Exposing the nasty hand of government in creating the business cycle
Very simply put, the combination of massive credit expansion and equally massive monetary inflation is not possible on the free market. This is simply because such a move would render the entire banking system highly unstable and prone to collapse. Banks that expand too much credit would face the threat of the bank run where customers, having lost confidence in the bank’s stability, land up at the bank’s door-steps en masse to withdraw their cash. The bank, having engaged in monetary inflation, clearly would not have the cash to meet all customers’ demands and would have to declare bankruptcy.
What saves the banks today and makes it possible for them to engage in unbridled credit expansion? Very simply, it is the intervention by government to protect the banking system, in the process creating a ‘never-ending’ source of spending money for government itself. Over the last couple of centuries, governments have engaged in massive interventions in the monetary system to the point where they have completely taken it over.
Today, governments, through the Central Banks, have a complete monopoly over the production of money in the economy. Legal tender laws force everyone to accept government printed pieces of paper as money. Such paper money is a blatant attempt to escape the free market limits on monetary inflation. Unlike gold and silver which are scarce commodities that have to be mined, processed and minted, paper money is almost costless to produce, making it ‘easy money’ for its monopoly producer, government.
Over two centuries, governments have used their monopoly over the use of force to thrust their pieces of paper onto a public that was until then willing to accept only gold and silver coins as money. At various points in time when money was essentially gold or silver coins and paper money was just a substitute that had to be redeemed for the promised gold or silver on demand from a note holder, banks that had issued paper money way beyond their available reserves of gold or silver and were facing bankruptcy were saved by government by engaging in gross misuse of its monopoly over the criminal justice system. Very simply put, government passed unilateral moratoria freeing banks from the legal, contractual obligation to redeem their own notes and deposits in gold or silver.

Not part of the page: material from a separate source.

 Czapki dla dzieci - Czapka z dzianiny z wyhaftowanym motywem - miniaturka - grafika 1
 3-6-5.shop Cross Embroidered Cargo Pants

Central Banking is another massive intervention by governments in the monetary system. On a free market, a bank that faces a bank run would collapse. Under Central Banking, the failing bank can access a ready supply of cash needed to tide over temporary surges in demand for cash. The Central Bank stands ready to save banks from their own excesses. What makes it possible for Central Banks to do so is the monopoly privilege of money creation granted to them by the government. The Central Bank also greatly enhances the extent of credit expansion that the banking system can engage in by providing the funds necessary for banks to do so.

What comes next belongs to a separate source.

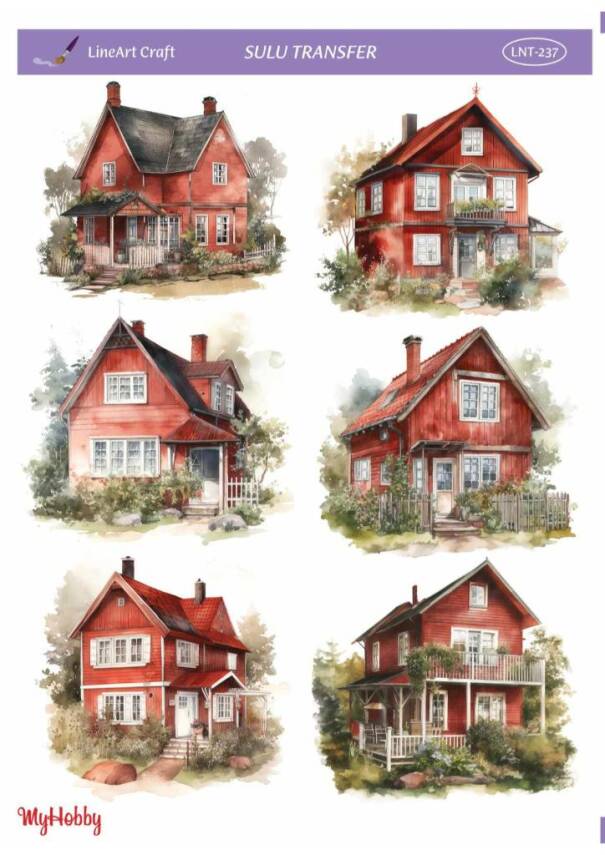 LineArt Manzara Desenli Sulu Transfer LNT237 - 1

The business cycle is not a product of the free market but a result of sustained and massive government intervention in the economy. Austrian Business Cycle Theory explains how the business cycle is essentially a creation not of a free market but of a banking system run amok. What makes it possible for the banking system to run amok is the active connivance of government in an act that enriches the banks and government itself at the expense of the billions of common people who are impoverished by the boom-bust cycle. If this doesn’t convince you that government is bad for human well-being, I wonder what will. However, I shall not give up and shall continue to try doing that in subsequent articles in this series.